LA Lakers 112, Houston Rockets 110: A bitter taste, but a good feeling

For as much reason as there was to be excited after the first half, there was cause for the same frustration as the game dwindled.  The Rockets came out scorching last night in their season opener, determined to spoil the Lakers’ parade.  The team moved the ball quickly off the boards, imposing a frantic pace, and putting the champs on their heels and out of their comfort zone.  Guards Kevin Martin and Aaron Brooks (of Everybody Hates Chris fame) looked intent on thrusting themselves into the debate as league’s best offensive backcourt, unconsciously netting almost 20 apiece in the first two frames, and second year man Chase Budinger chipped in with his usual share of highlights, looking as smooth as ever.  Houston took a double digit lead into the break and all was well in our world until, as it has far too often during the Yao Ming era, everything completely fell apart.

The Rockets sputtered in the fourth, looking confused, the pace having been noticeably bogged down, and shots stopped falling.  After a sterling first half, guard Kevin Martin retreated into his shell with the rest of his mates unable to compensate.  Laker guards Steve Blake and Shannon Brown forgot who they were, pouring in what seemed like ten 3’s apiece, putting the game firmly out of reach.  The Rockets made a valiant push off the efforts of Luis Scola–even taking the lead in the last minute–before finally succumbing.  Aaron Brooks, in a horrifically overplayed rerun, missed a potentially game tying lay-in under the hoop, and that was all she wrote.

  • You’re wondering about Yao: we’ll get there, in due time my friend.  First, the implications of this game.  It validated the sentiment that this team can run with the big boys.  I feel more confident than ever, after last night’s performance, that this is one of the best teams in the Western Conference, when healthy.  The Rockets, with their embarrassingly impressive depth are really tailor-made for the brutal 82-game marathon.  I see the team being able to wear opponents out with waves of effort and talent.  They’ll defend, rebound, push the ball, and drain 3’s in transition.  In the half-court, they’ll look to Yao or set up through Brad Miller.  This is a formula that will work and can net 50 wins – there’s really no doubt.
  • The concern of course, as it has been, is that this team freezes when the pressure mounts.  When the game was first getting out of reach, the Rockets could not score, validating my fears regarding their ceiling.  While they did mount a furious comeback off the strength of some Scola trickery, I do not see this changing without some personnel upgrade.
  • All in all, the Rockets lost by just two without the man who I called their most impactful player last season (Lowry) to the defending champs, on the road.  There’s a lot to feel good about there, even if it may take tonight to cleanse the bitter taste.
  • Yao – I was very impressed by the giant.  While he scored just nine points, he changed the dynamic of this team (from last year) and that’s all he really needs to do.  Gone are the days when Yao should be needed to score 20 for the team to have a chance; he just needs to be a presence.  In a recent interview, I was asked of the expectations on Yao.
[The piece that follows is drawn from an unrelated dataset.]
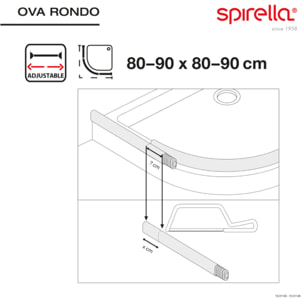 Barre de douche OVA RONDO 90x90cm Finition brillante Spirella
My reply was that he simply needs to ‘be big.’  That’s all he needs to do.  Fill the middle and be a presence.  To that end, last night was a success.  “The large man” (copyright Jacob Mustafa, Red94) challenged shots and took up space defensively while serving as an ‘eye of the storm’ at the other end, giving the team a reference point they hadn’t had last season through which to revolve their offense.  Very promising outing from Yao and I left feeling very confident about his new role and his ability to fit in with this cast.  He also didn’t fall down any times, by my count.
  • One eyebrow raising development pertained to the 24-minute imposition.  With the game still within reach, and the limit dangerously nearing, Adelman looked to have no intention of removing the giant.  Had Yao not fouled out seconds later, I’m not completely sure he would have been pulled.  This is something we’ll need to watch.
  • We saw last night why Brad Miller was signed at such a generous amount – he’s a huge part of this team.  Not only does he bring size in Yao’s absence, but he’s the quarterback of the offense when on the floor.  The added dimension alone brought by Miller will pay huge dividends.
  • Jordan Hill and Jared Jeffries did not see time so that will be another storyline to monitor tonight, with Yao not in action.  My guess is that what you saw last night was the regular rotation with Yao, and that Hill will get the start on the second game of back-to-backs, with Miller in relief.  Jeffries will play over Hill in other times.  Again, we see why Miller was paid so handsomely – we falsely assumed that Hill would be a major part of this rotation this year, but we saw last night that that probably isn’t the case.  You can’t trust young big men in gunfights, I suppose.
  • My final thought is on Luis Scola who scored 18 points and grabbed 16 rebounds: he’s probably for real.  By the manner in which he awkwardly does it, we tend to forget, or I at least, the type of numbers he’s put up in his career in Carl Landry’s absence (either to trade or injury).  Looking at his production, Scola is flat out one of the best rebounders in basketball, and always a threat to snare 20.  It’s unreal, with his lack of vertical and overall goofiness.  Now, is he an elite power forward?  No, because his points come as the garbage variety, and he’s not a guy to whom you can throw the ball and ask to work.  But in the next tier, he’s as good as any, and certainly worth his pricetag.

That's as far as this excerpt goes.